By manually inspecting the names in the clusters, we saw that the second cluster represented the main
Organizers of the summer school. They talked to everyone (the second block-row) and everyone remembered talking to them (the second block-column). The first cluster typically represented those people, like me, who came from outside DERI and Galway to attend the school. I'll call this cluster the
Visitors. The third and fourth clusters were primarly made up of people based in DERI itself - hence they tended to know each other before the summer school. By looking at the blocks on the main diagonal we can see that these
Locals know each other well, as now do the
Visitors. But by looking at the off-diagonal blocks we can see that there is less interaction between
Locals and
Visitors.
We named the fifth cluster the
Quiet cluster. You can see from the matrix above that they didn't tend to talk to many people (the fifth block-row and the fifth block-column). In fact, it appears that no two
Quiet people ever talked to each other! We looked at the names of these people - it including some people based at DERI and some not based at DERI.

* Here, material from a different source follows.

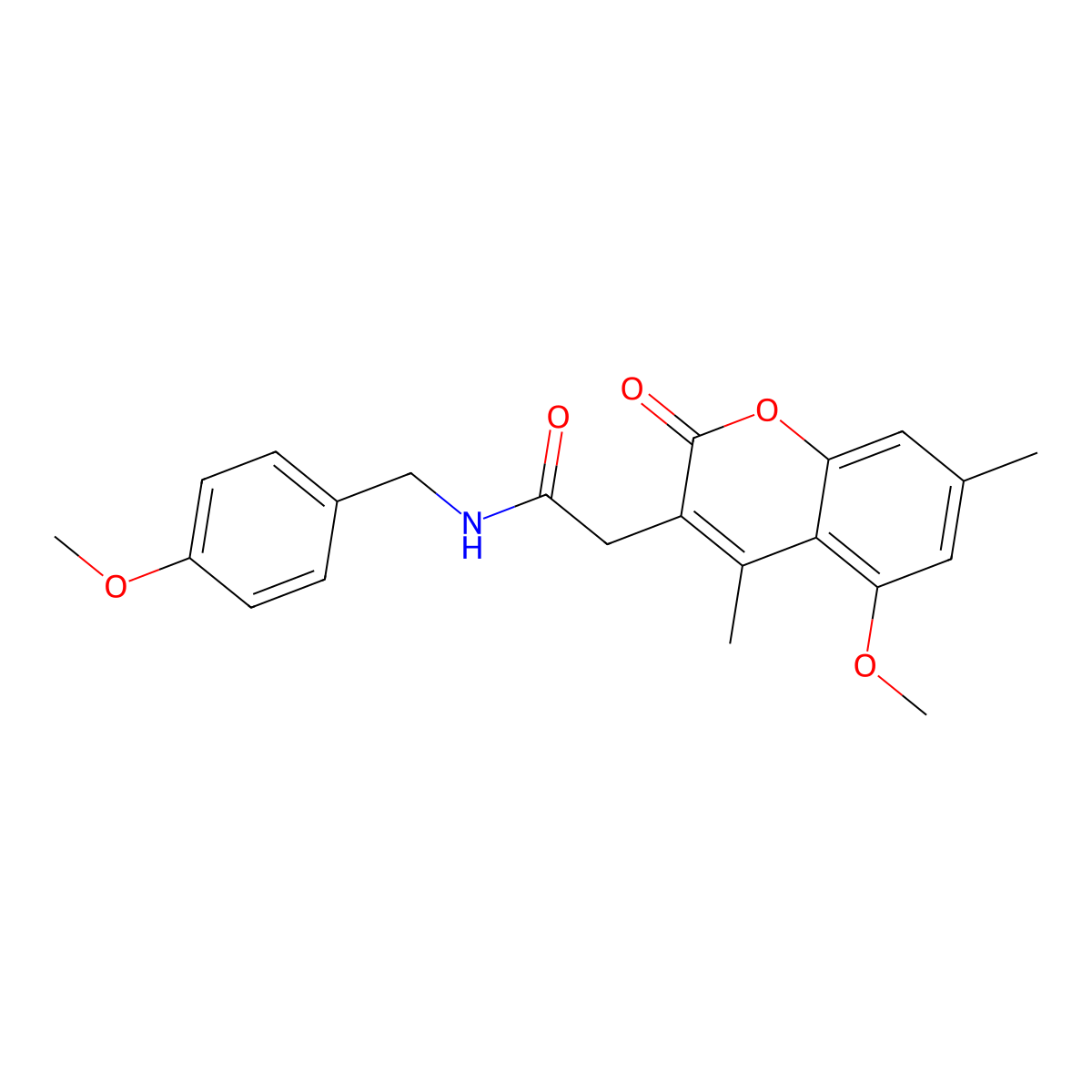 N-(4-methoxybenzyl)-2-(5-methoxy-4,7-dimethyl-2-oxo-2H-chromen-3-yl)acetamide molecular structure, CAS 853898-36-9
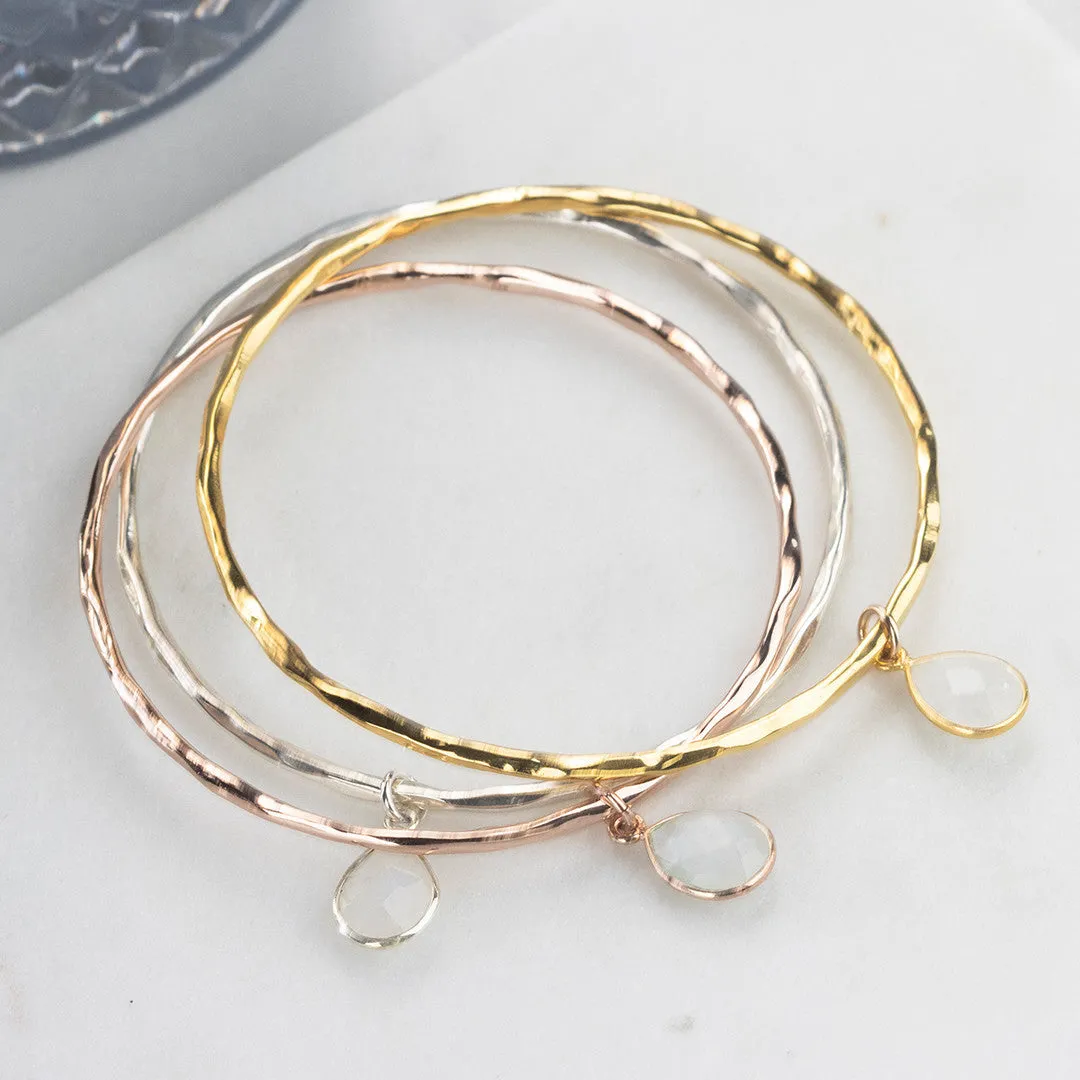 White Quartz Charm Bangle | Silver - April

You might be wondering why the non-responders were split into two clusters (the last two block-rows). By looking at the corresponding block-columns we can see hints as to why the non-responders were divided into two groups by our clustering algorithm - a group that was known by the
Locals and a group that was not. The relevant blocks in the sixth column are quite dense and sparse respectively.

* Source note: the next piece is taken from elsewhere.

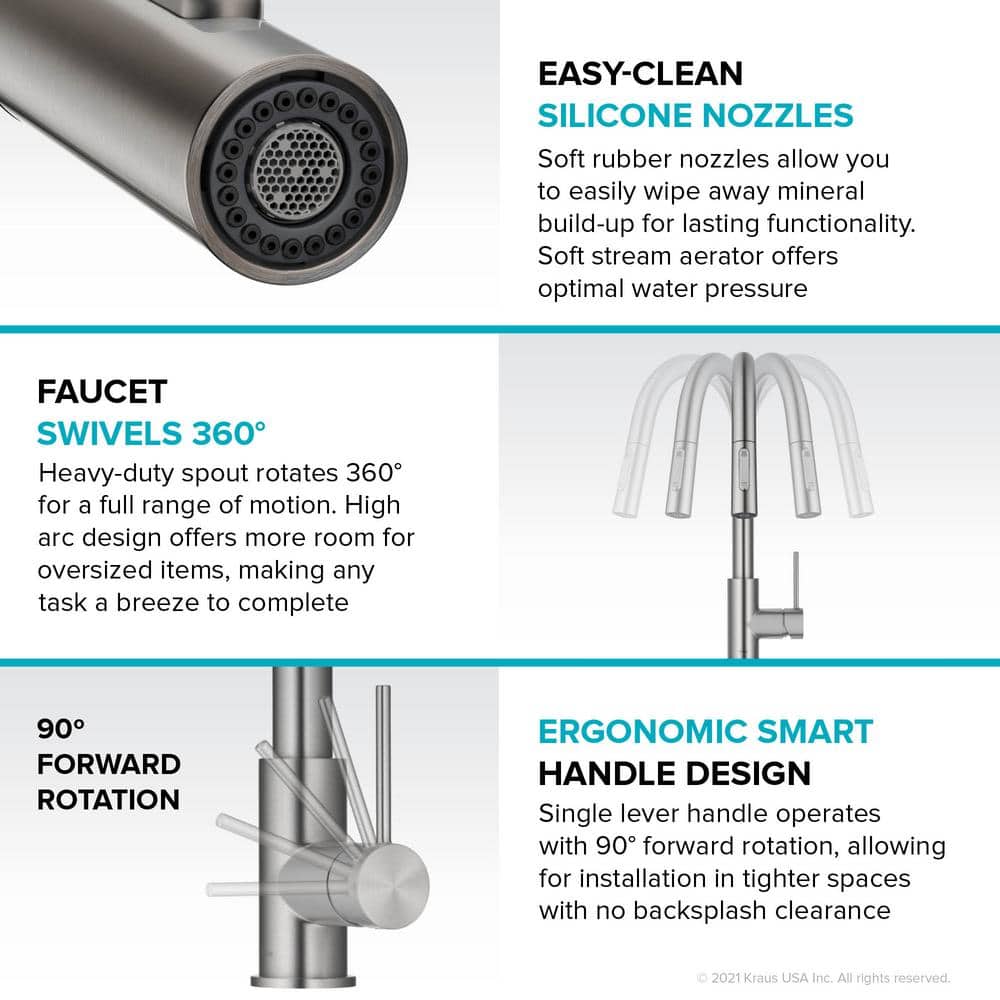 Chrome Contemporary Pull-Down Single Handle Kitchen Faucet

I'm quite happy with these results - we merely fed a simple directed network into the algorithm and the clusters that came out have a ready interpretation. Perhaps this dataset will be included in the draft paper we are writing on the algorithm (I'm collaborating with
Brendan Murphy,
Nial Friel and
Neil Hurley on a paper about this new algorithm.)
Addendum: Using the same clustering to order the rows and columns, but displaying only the 'before' edges, gives this adjacency matrix:
This network is sparser, and it's no surprise that
Organizers and
Locals knew each other before the summer school - most of the density in the matrix is between the
Organizers and the
Locals. Finally, I looked at the matrix where only the 'during' edges are included:
To my eyes, this is more difficult to interpret. It would appear that most of the density is at the top left, but it's relatively dense everywhere. It suggests that the grouped mixed well during the summer school.